- _TASK DIRECTIONS_: What you return must be an exact copy of the lines in the listing below between the line holding "Phát hiện hơn" and the line holding "Audi A7 Sport", inclusive, and nothing more.

- _INPUT RECORDS_:

........

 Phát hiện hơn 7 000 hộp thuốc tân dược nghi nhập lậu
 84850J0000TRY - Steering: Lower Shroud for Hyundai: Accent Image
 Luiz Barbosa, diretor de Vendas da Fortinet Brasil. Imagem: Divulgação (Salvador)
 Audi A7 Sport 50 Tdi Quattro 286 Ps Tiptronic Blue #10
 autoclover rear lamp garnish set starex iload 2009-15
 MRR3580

........

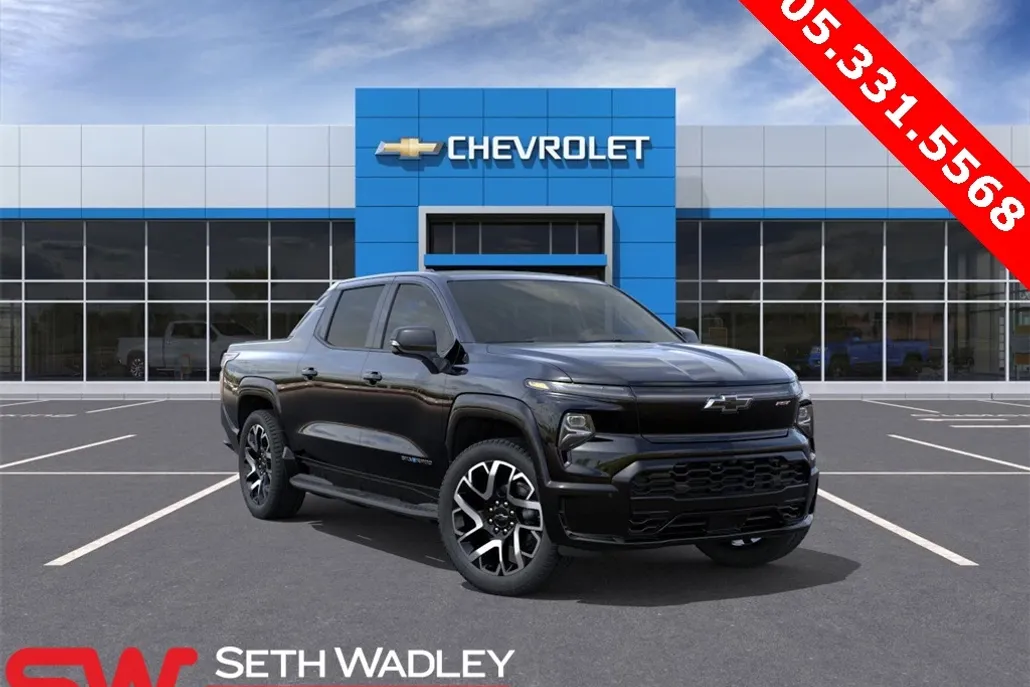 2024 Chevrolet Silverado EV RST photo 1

........

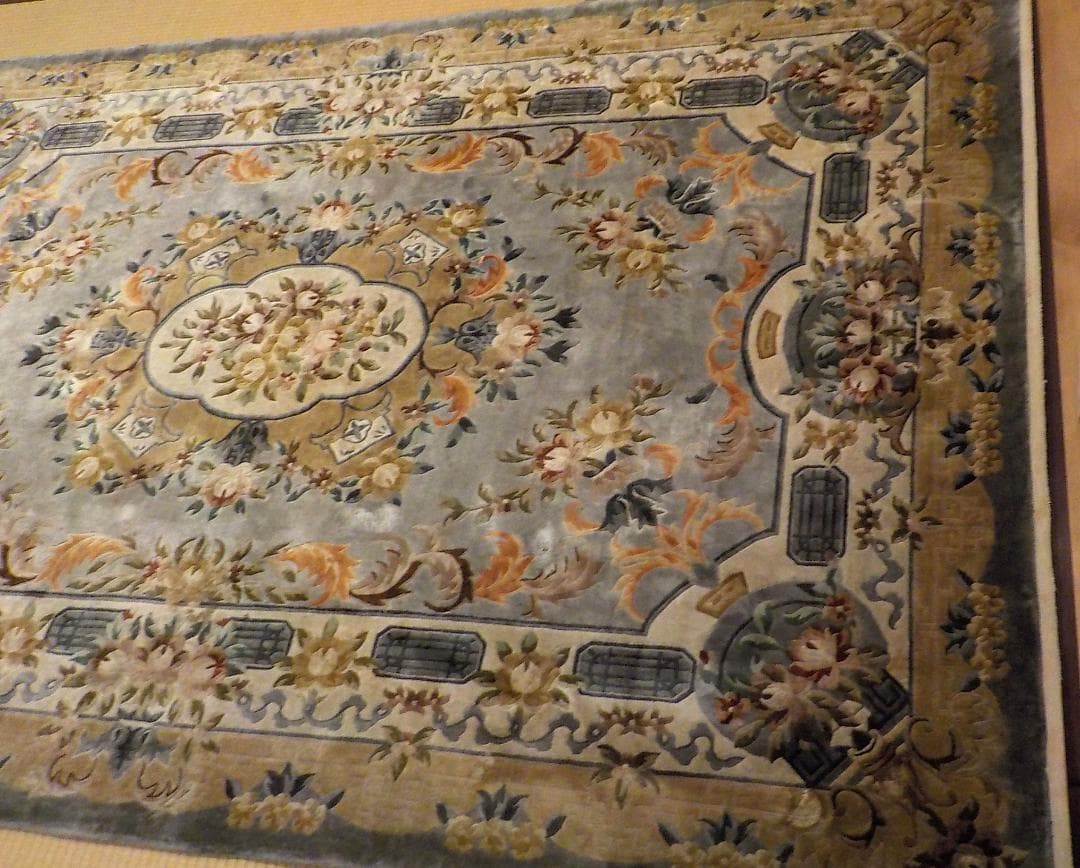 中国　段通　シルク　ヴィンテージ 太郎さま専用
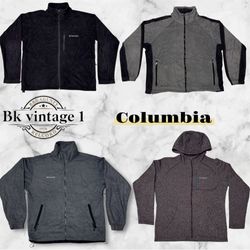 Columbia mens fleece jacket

........

- _OUTPUT FOR THIS EXERCISE_:
 Phát hiện hơn 7 000 hộp thuốc tân dược nghi nhập lậu
 84850J0000TRY - Steering: Lower Shroud for Hyundai: Accent Image
 Luiz Barbosa, diretor de Vendas da Fortinet Brasil. Imagem: Divulgação (Salvador)
 Audi A7 Sport 50 Tdi Quattro 286 Ps Tiptronic Blue #10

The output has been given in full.